I want to create a program Foo.exe with error logging into foo.log. That program is installed (NSIS Installer) into C:\Program Files (x86)\Foo\. During installation NSIS added a shortcut (CreateShortCut "$SMSTARTUP\Foo.lnk" "$INSTDIR\Foo.exe") to start Foo.exe when windows starts.

  • When windows executes my program after startup it starts my program with "non-administrative rights.". So my program can not edit C:\Program Files (x86)\Foo\foo.log. Workaround for that is to store editable files in another directory e.g. in $APPDATA.
  • But here come's the real problem: I added a update function into my program which works in the following way:
    • download the new binary and save as FooNew.exe. This file does not have any permissions (explicitly not the execute-flag).
    • create a self-copy with execute permission: FooCopy.exe
    • After starting it, FooCopy.exe opens FooNew.exe and writes it content into Foo.exe. Now, Foo.exe is updated and has the execute-permission.
    • FooCopy.exe will be removed.

So I have not testet the updating but most likely it wont work. I assume that Foo.exe can not create files in C:\Program Files (x86)\Foo\ so the updating fails at point 1.
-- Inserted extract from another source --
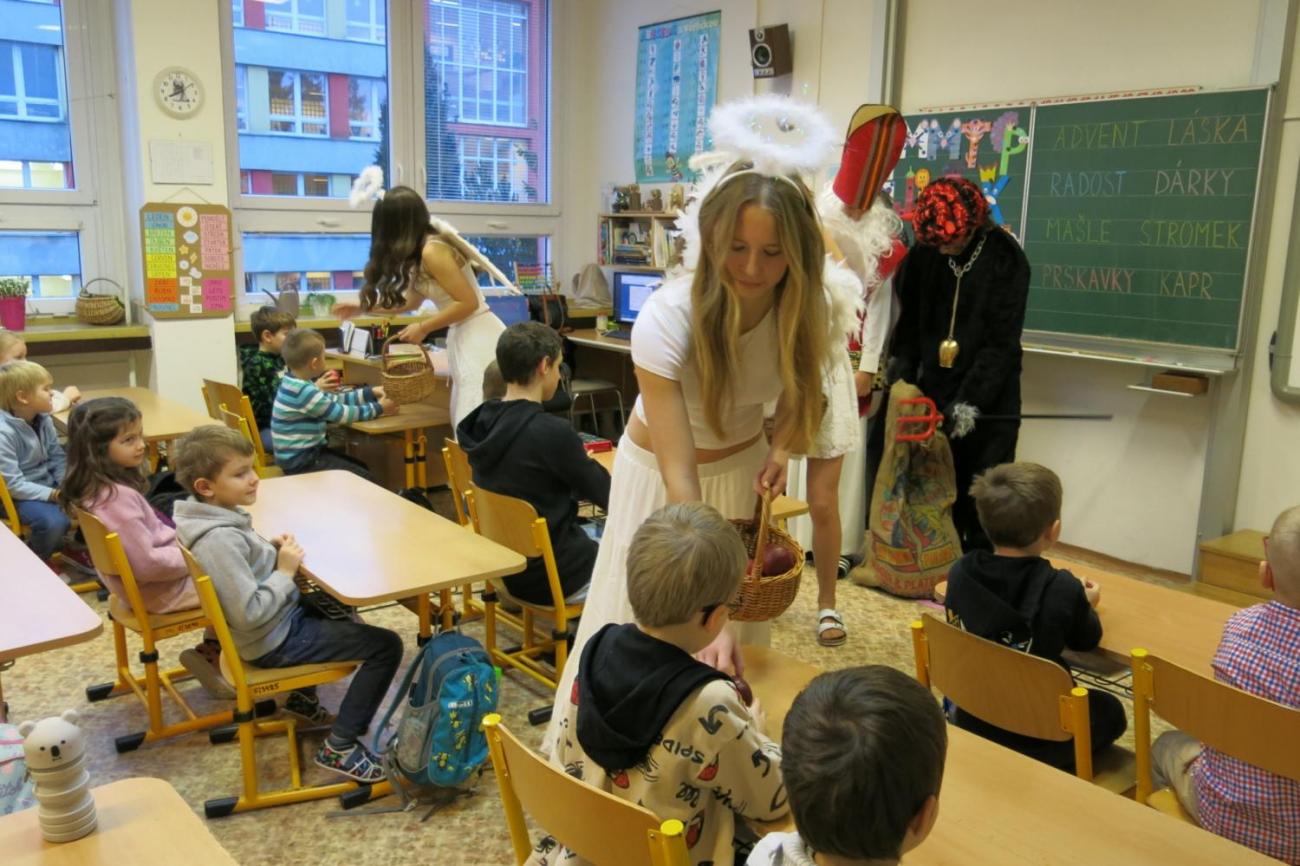 Mikulášská nadílka u prvňáčků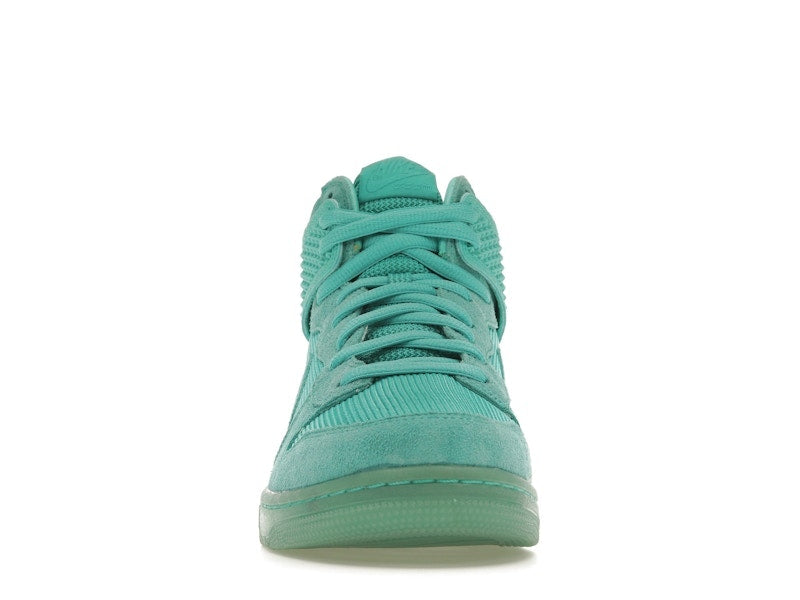 Nike Dunk CMFT Premium Light Retro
An idea is to save Foo.exe not in C:\Program Files (x86)\ but in $APPDATA. So the program has all needed rights. The question is starting that program: It is compiled for 32-bit. Is it possible to have a "launcher" C:\Program Files (x86)\Foo\launcher.exe which starts the real application in $APPDATA?

That's confused, isn't it? How could I change the auto-update procedure so that UAC will not kick me?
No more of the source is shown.